“A butcher’s sponge, like you, won’t make me.”

“We shall see.”

“A man would be unclean,” Sard said, “even for spitting at you.”

“Unclean?” Sagrado answered. “There are various conceptions of cleanliness, but all have to do with consecrations and devotions. I am called unclean by you, who serve men, who are a servant in a ship. Other flunkeys serve the state. I am myself, unspotted from these flunkeydoms and slaveries. If I serve, I serve evil, the master of this world.”

“It is something,” Sard said, “to have a master as dirty as the servant.”

“It is much,” Sagrado answered, “to have a power commensurate with your philosophy.”

“I have not seen any power in you yet,” Sard said.
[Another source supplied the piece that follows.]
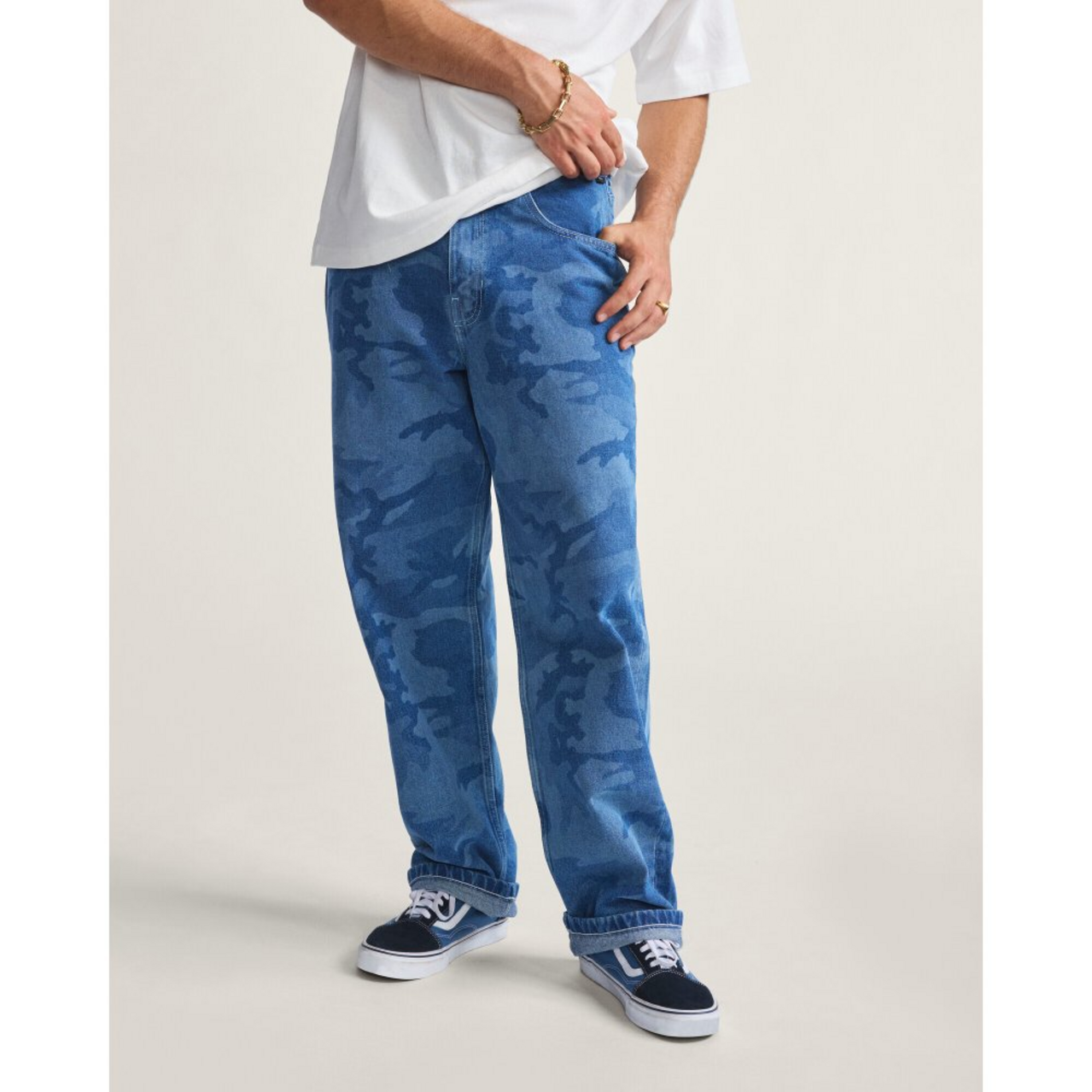 Calça Check-5 Loose Camo Printed Denim Stone Wash Blue | ZZ MALL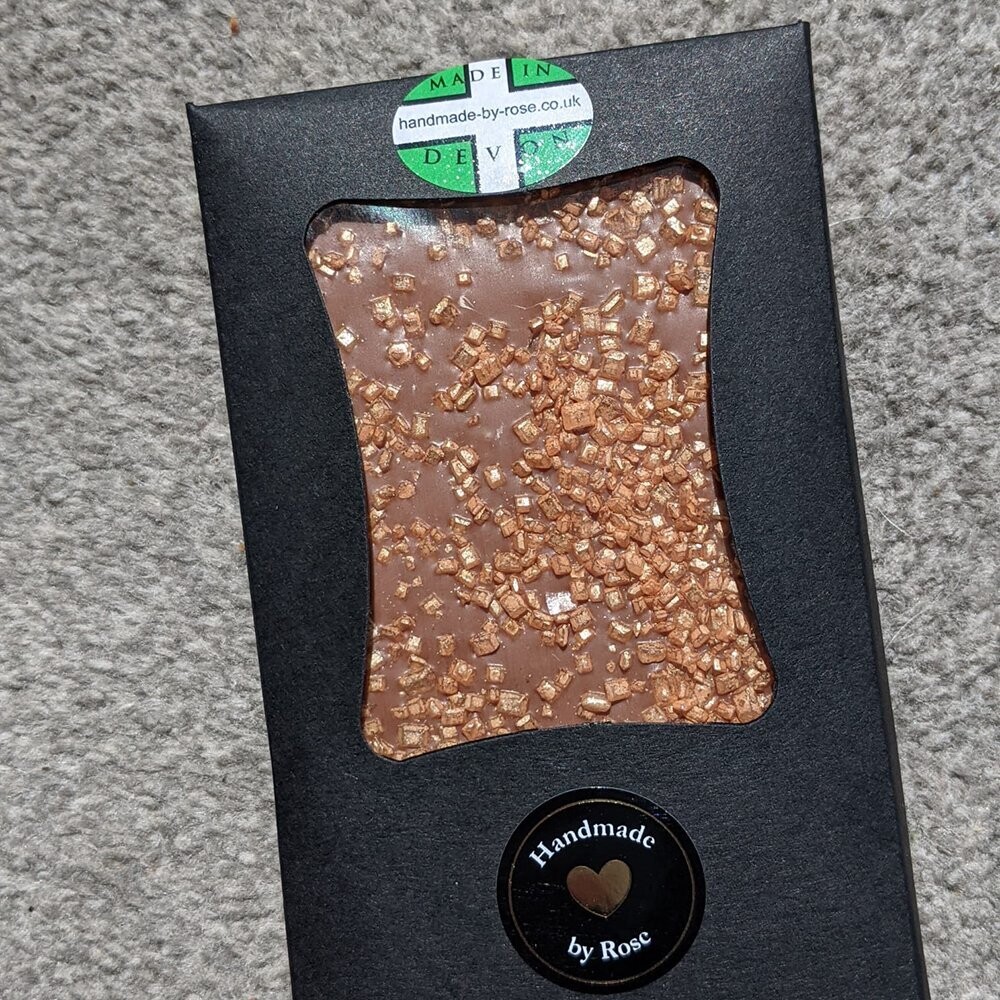Milk Chocolate Slab with Gold Glimmer Sugar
“No?” Sagrado said. “Yet I stand free, while you are bound, you and your romantic one. Which of us has the power, Margarita?”

“He has,” she answered. “And you know it.”

“I do not know it,” he said, “nor do events show it. I wanted you in my hands by a certain day: there was nothing that you wanted less. Yet you came to my hands, to the very moment planned. This sailor, or second mate, if I understand him, has wanted you for fifteen years: there was nothing that you wanted more, if I overheard correctly. Are you in his hands, or arms, or in mine? Which of us has the power over you?”